Monday, Apr. 18, 2005

"This Could Be Ground Zero"

By Kenneth M. Pierce

Streetcars stopped in silence. A bell rang mournfully seven times. It was 8:15 a.m. in Hiroshima last Tuesday, 40 years after an atomic bomb nicknamed Little Boy burst 1,850 ft. over the city with a searing, blinding flash, killing 118,000 people within days and dooming nearly as many to slower deaths in later years. In a speech to 55,000 onlookers at Hiroshima Memorial Peace Park, Mayor Takeshi Araki urged the superpowers to abolish nuclear weapons. The goal, said Araki, was "no more Hiroshimas." Afterward, 1,500 doves, symbols of peace, were released into cloudy skies.

Throughout the U.S., hundreds of groups held their own memorials last week for the 1945 bombing of Hiroshima and, three days later, Nagasaki. While speakers at many of the rallies echoed Araki's agenda, for the most part they avoided both partisan rhetoric and talk of disarmament.
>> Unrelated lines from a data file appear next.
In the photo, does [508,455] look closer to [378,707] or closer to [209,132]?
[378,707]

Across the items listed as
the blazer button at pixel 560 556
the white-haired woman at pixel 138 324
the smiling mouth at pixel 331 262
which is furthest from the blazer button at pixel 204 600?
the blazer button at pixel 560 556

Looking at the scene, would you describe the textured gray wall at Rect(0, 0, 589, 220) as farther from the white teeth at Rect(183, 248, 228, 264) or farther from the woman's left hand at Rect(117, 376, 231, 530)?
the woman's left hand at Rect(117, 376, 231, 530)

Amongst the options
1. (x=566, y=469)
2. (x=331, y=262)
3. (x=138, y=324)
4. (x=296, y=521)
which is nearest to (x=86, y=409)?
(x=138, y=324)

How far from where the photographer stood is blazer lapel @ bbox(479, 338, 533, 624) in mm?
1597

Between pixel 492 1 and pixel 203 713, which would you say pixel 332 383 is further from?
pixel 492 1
Like the Hiroshima service, which used doves to make its point, many of the American commemoratives made use of simple symbols to underscore mankind's vulnerability to nuclear weapons. The displays were frail and mute, but they managed to express deep fears for the survival of the race, which the language of policy analysis has not defused in the 40 years since Hiroshima. And they raised, too, 40-year-old questions of whether the Bomb should have been used at all (see ESSAY). Among the memorials:

The Ribbon. During her morning prayers in 1982, Denver Grandmother Justine Merritt conceived the idea of a band of people encircling the Pentagon with a ribbon of peace. She began to ask those on her Christmas-card list to fashion cloth banners depicting things they could not bear to lose. The project attracted a national volunteer network, which produced 25,000 different banners, many with pictures of children or pets or sunsets. Tied together, the banners formed a ribbon that stretched 15 miles--long enough not only to encircle the Pentagon but also to cross the Potomac and wind around the Lincoln Memorial, the Capitol and the Ellipse behind the White House.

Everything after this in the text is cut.